Generation of a LUMO that is of appropriate shape to allow potential enantiodiscrimination requires mixing of the vertical ‘dπ_v’ orbital with the horizontal ‘dπ_h’ orbital, since either of these orbitals by itself is spatially mirror-symmetric with respect to the TiX₂ plane. This in turn requires that there be similar strength of π donation from the apical sites of the chelate ligand (which can donate only into dπ_v) and from the equatorial sites (which can only donate into dπ_h). Clearly this condition is satisfied by the essentially symmetric⁷diketonate ligand, but might well not be met by an unsymmetrical ligand. Indeed, calculations confirm that the C₂-symmetric isomer of the N-methylacetohydroxamate complex (CH₃CON[CH₃]O)₂TiCl₂ with equatorial carbonyl groups has a LUMO which looks like an almost unperturbed dπ_h orbital (Fig. 3b). Since the negative charge is principally on the NOoxygen, it is a much stronger π donor than the carbonyl oxygen, so dπ_v is raised in energy and does not mix appreciably with the lower-lying dπ_h orbital. Thus bis(hydroxamate) complexes would be expected to possess little electronic dissymmetry. A mixed diketonate–hydroxamate complex is more difficult to analyze qualitatively because of its lower symmetry, but the calculated LUMO of (acac)(CH₃CON[CH₃]O)TiCl₂ does appear to be interpolated between the two symmetric complexes (Fig. 3c). A π donor orbital on a substrate donor atom cis to the acac would enjoy maximal overlap at a substantial inclination to the equatorial plane (high electronic dissymmetry), while a π donor orbital cis to the hydroxamate would overlap best if it lay in the equatorial plane (low electronic dissymmetry).

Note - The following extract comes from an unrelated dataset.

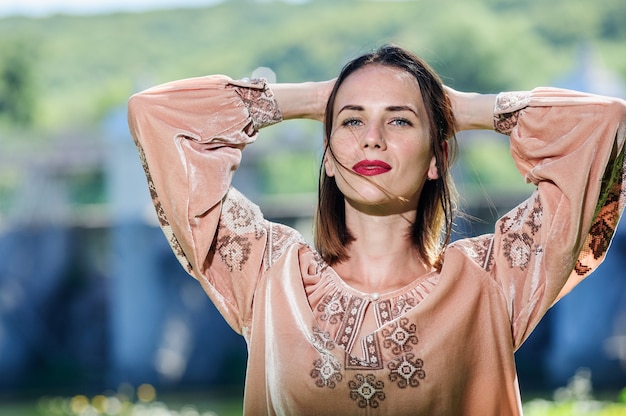 Linda mulher ucraniana yang vestida com um vestido étnico moderno tradicional.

Preparation and characterization of bis(chelate)titanium(2,2′-biphenoxide) complexes. In earlier work, we were able to assess the electronic dissymmetry of the (dike)₂Ti^IV fragment by measuring the diastereoselectivity of binding of the optically stable 1,1′-bi-2-naphtholate (BINOL) ligand, whose π-donor orbitals are markedly inclined with respect to the TiO₂ plane (Fig. 4).⁶

Fig. 4 Inclination of A-symmetric π donor orbital of a 2,2′-biaryloxide.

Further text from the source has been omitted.